The Singapore-based NEM Foundation said it had traced the stolen coins, but it's not clear if they're contemplating the type of hard fork that Ethereum used to recover stolen coins following the hack of the DAO. That famously split the Ethereum blockchain into Ethereum and Ethereum Classic.
Of course, Coincheck hasn't been the only high-profile hack since Mt. Gox; Last month, Youbit was hacked by what South Korean intelligence believes were North Korea-linked hackers.
As Reuters reminds us, world leaders meeting in Davos last week issued fresh warnings about the dangers of cryptocurrencies, with U.S. Treasury Secretary Steven Mnuchin relating Washington’s concern about the money being used for illicit activity. Japan's top financial diplomat said regulating cryptocurrencies would be on the agenda for the G20 finance chiefs' meeting in Argentina in March.
* * *
That skepticism has spread to Wall Street banks, which are apparently not emulating Goldman Sachs's embrace of cryptocurrency trading.
Deutsche Bank AG’s Wealth Management currently does not advise to invest in crypto-currencies, according to Markus Mueller, Global Head of Chief Investment Office, Bloomberg reported. Problematic issues include high volatility, possible price manipulation and data loss or data theft, he told Bloomberg News in an interview.
"We do not recommend that. It’s only for investors who invest speculatively," he said. "There is a realistic risk of total loss." According to Mueller, recent price increases reflect a lot of imagination, driven by the current situation in the market. There is hardly any return scope left in other asset classes such as fixed income, he said.
Mueller is not the only person warning against crypto-currencies.
While central bankers in the US have largely played down the risks cryptocurrencies pose to the broader economy, Bank of Spain Governor Luis Maria Linde said they are an asset that carries enormous risks. And Austria’s Financial Planners Association compared bitcoin investments with a "casino visit".

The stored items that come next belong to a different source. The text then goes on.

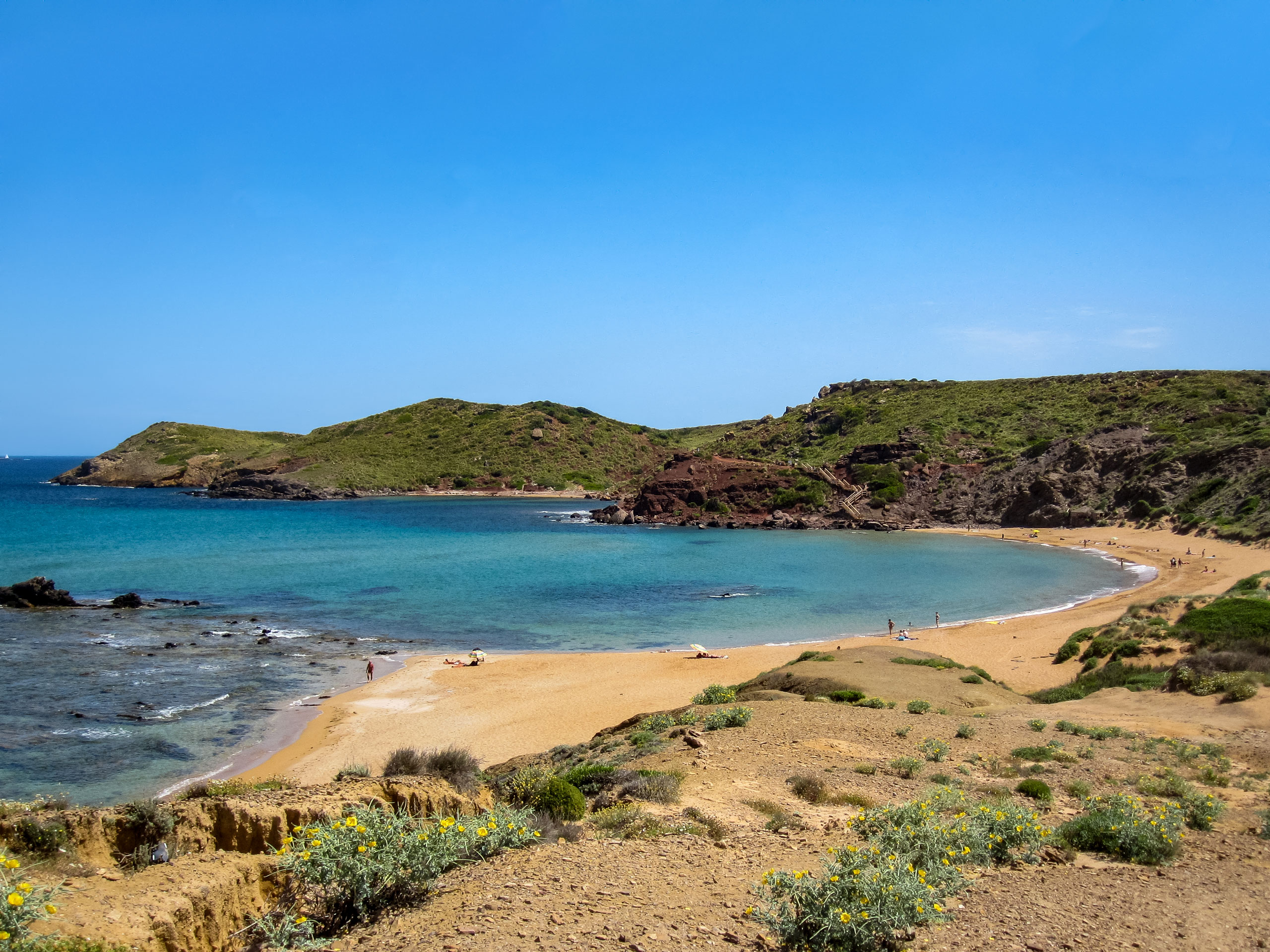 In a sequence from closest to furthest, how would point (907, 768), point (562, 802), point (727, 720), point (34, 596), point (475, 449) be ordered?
point (562, 802) < point (907, 768) < point (727, 720) < point (34, 596) < point (475, 449)

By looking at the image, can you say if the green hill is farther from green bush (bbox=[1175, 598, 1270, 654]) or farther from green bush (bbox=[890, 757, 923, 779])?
green bush (bbox=[890, 757, 923, 779])

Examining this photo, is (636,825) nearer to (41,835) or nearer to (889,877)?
(889,877)

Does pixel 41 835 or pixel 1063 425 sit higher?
pixel 1063 425

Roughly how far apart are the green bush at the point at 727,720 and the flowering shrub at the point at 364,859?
25.3 feet

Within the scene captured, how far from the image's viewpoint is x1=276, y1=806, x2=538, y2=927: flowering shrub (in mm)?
5668

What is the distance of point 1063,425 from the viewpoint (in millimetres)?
82312

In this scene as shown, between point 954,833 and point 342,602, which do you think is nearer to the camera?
point 954,833

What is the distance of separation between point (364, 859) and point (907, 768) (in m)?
8.05

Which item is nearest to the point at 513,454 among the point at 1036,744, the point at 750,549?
the point at 750,549

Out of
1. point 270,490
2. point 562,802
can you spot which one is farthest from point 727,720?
point 270,490

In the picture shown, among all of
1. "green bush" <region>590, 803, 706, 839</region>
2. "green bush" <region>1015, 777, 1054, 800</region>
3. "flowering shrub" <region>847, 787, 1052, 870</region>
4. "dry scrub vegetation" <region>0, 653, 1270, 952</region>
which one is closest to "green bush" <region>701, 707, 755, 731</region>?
"dry scrub vegetation" <region>0, 653, 1270, 952</region>

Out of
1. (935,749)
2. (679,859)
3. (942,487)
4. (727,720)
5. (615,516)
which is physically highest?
(942,487)

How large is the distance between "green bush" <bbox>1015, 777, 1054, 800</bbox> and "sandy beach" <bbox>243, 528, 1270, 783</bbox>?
1024cm

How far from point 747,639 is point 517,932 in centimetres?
2510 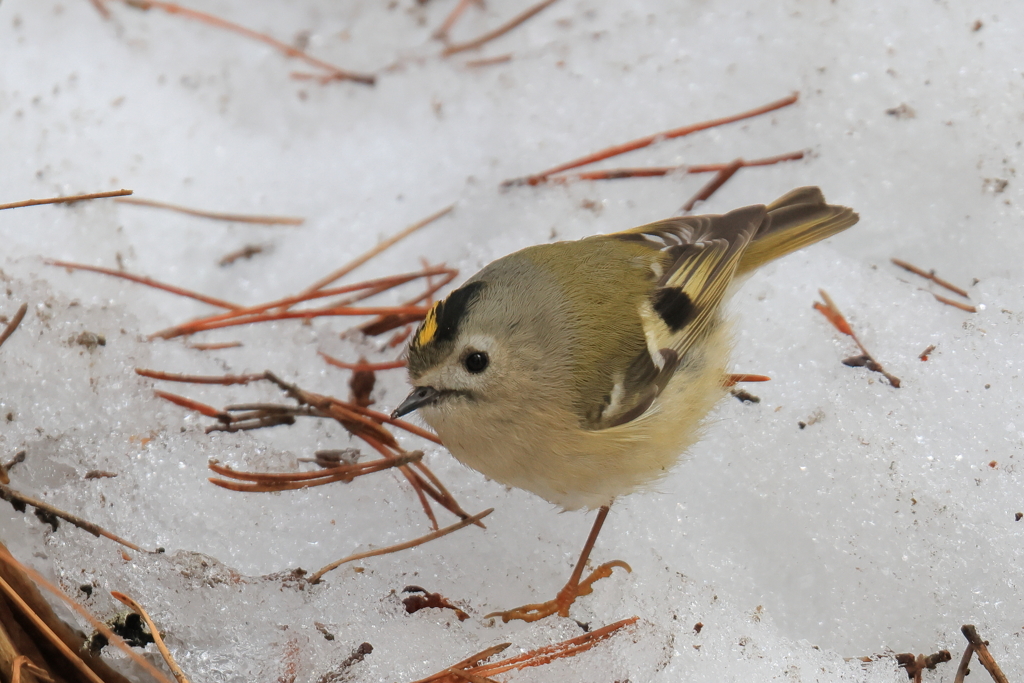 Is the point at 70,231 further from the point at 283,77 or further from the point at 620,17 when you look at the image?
the point at 620,17

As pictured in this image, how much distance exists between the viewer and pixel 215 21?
3.19 meters

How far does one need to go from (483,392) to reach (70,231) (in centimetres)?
142

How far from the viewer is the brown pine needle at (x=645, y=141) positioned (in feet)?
8.82

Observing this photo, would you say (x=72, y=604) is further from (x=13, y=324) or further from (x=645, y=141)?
(x=645, y=141)

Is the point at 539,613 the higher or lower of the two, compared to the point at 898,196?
lower

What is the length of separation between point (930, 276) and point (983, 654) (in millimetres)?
1068

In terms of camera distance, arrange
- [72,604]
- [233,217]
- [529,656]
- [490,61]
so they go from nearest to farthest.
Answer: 1. [72,604]
2. [529,656]
3. [233,217]
4. [490,61]

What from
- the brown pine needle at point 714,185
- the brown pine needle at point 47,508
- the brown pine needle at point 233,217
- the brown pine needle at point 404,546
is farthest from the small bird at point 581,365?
the brown pine needle at point 233,217

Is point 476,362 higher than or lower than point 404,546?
higher

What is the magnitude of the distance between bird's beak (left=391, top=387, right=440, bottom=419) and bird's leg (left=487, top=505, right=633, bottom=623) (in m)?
0.49

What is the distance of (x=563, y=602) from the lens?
1.91 metres

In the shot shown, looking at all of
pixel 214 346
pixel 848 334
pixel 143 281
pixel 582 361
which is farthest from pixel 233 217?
pixel 848 334

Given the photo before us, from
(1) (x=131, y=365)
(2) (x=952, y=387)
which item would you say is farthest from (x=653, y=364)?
(1) (x=131, y=365)

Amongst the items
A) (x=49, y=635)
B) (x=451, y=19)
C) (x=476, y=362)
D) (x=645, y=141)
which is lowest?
(x=49, y=635) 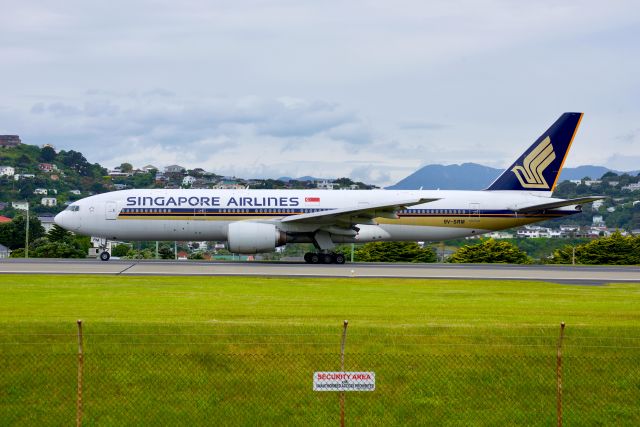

In order to establish crypto-currencies as some kind of asset class in the future, more regulation, security and transparency, for example via official trading venues, are required, according to Mueller. "Important issues such as liability and documentation are unclear," he said. "We are still at the very beginning."
Still, Mueller maintains that blockchain technology - the distributed ledger system upon which cryptocurrencies are built - is still "interesting" and that the bank is still exploring ways to leverage that technology.